Contrary to our predictions, diet breadth did not have large effects on the bacterial communities found in the pollen provisions of two closely related bee species. The number of different bacterial variants found in pollen provisions did not differ between the oligolectic O. ribifloris and the polylectic O. lignaria. Likewise, the pollen provisions of both species harbored subtly different microbial communities across sites when relatedness of bacteria is considered. At the sequence variant level, however, we detected minimal overlap in bacteria across sites—even between nests from the same species—suggesting that the local environment largely determines which microbes are recruited into pollen provisions. Furthermore, no bacteria were constant enough to be considered as ‘core’ Osmia pollen provision bacteria, even at a minimal threshold of occurring in 25% of all samples. On the other hand, the two hosts—even when artificially restricted to foraging on only two plant species in the same cages—harbored different bacterial taxa in their pollen provisions. Surprisingly, only 18 bacterial variants were found at all four sites. Together, these results suggest that the different diet breadth of these two closely related species does not affect the microbial diversity of their provisions, but does appear to affect the specific variants of pollen-provision inhabiting microbes. Another possible source of bacterial community variation between the two species could be the different materials with which these two Osmia species partition their nests. Osmia ribifloris uses masticated leaves [22] while O. lignaria uses mud [21] to partition the brood cells in their nests. As we have previously reported in our study of the alfalfa leafcutting bee [43], these nest components may affect the microbial community in orchard bee nests and should be the focus of future research.

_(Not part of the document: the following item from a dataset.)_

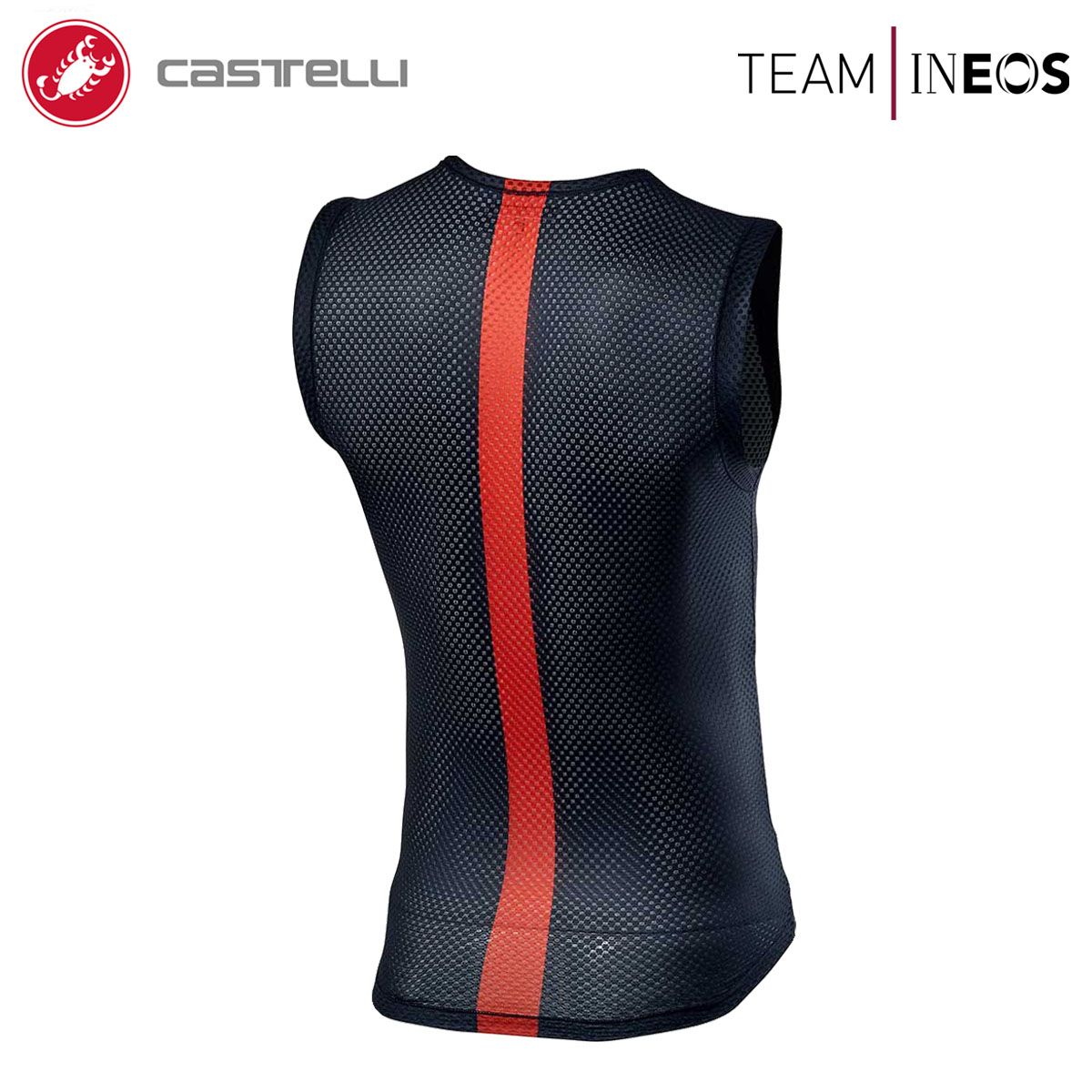 CASTELLI 31096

Other studies have found that bee species identity, foraging patterns, and geography can affect the microbes found in pollen provisions. McFrederick and Rehan [13] showed that the pollen provision microbiome of Ceratina calcarata co-varies with pollen usage across habitats, especially when considering fungi. Voulgari-Kokota et al. [11] showed that bee species and foraging patterns drive the bacterial communities found in pollen provisions. Our findings add to the consensus of these other studies that floral transmission and pollen usage influence the composition of the pollen provision microbiome. Our study also extends these previous studies by adding an understanding of how diet breadth does (microbial identity) and does not (microbial diversity) affect the pollen provision microbial community in these two species of Osmia. Whether the different bacterial variants found in the host species and sites across studies is due solely from different transmission networks, filtering of microbes via differential floral and pollen provision chemistry, or a combination of both requires further study.

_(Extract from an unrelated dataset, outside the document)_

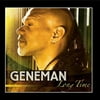 Geneman - Long Time - Christian / Gospel - CD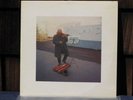 NUNNU LP  Karelia Group  Edward Vesala  jazz  prog RARE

As in other bee species’ pollen provisions, Osmia spp. pollen provisions contain a wide diversity of microbes. In agreement with these previous studies, the bacteria identified here can also be found in the environment, in both flowers and soil. For example, four of the 18 ASVs that were found at all sites in our study belonged to the genus Acinetobacter. This genus is ubiquitous in the environment and has been found in association with plants and animals, in floral nectar, in sewage, and in water and soil [44]. The small fragment of the 16S rRNA gene that we use for Illumina sequencing rarely allows species-level resolution of these bacteria, so we are unable to determine whether these taxa were sourced from the mud that the bees used to partition their brood cells or from the nectar they mixed into their pollen provisions. Acinetobacter, however, has been reported in association with pollen provisions of several different bee species [9,10,11,12], and it is therefore not surprising that it occurs at all study sites.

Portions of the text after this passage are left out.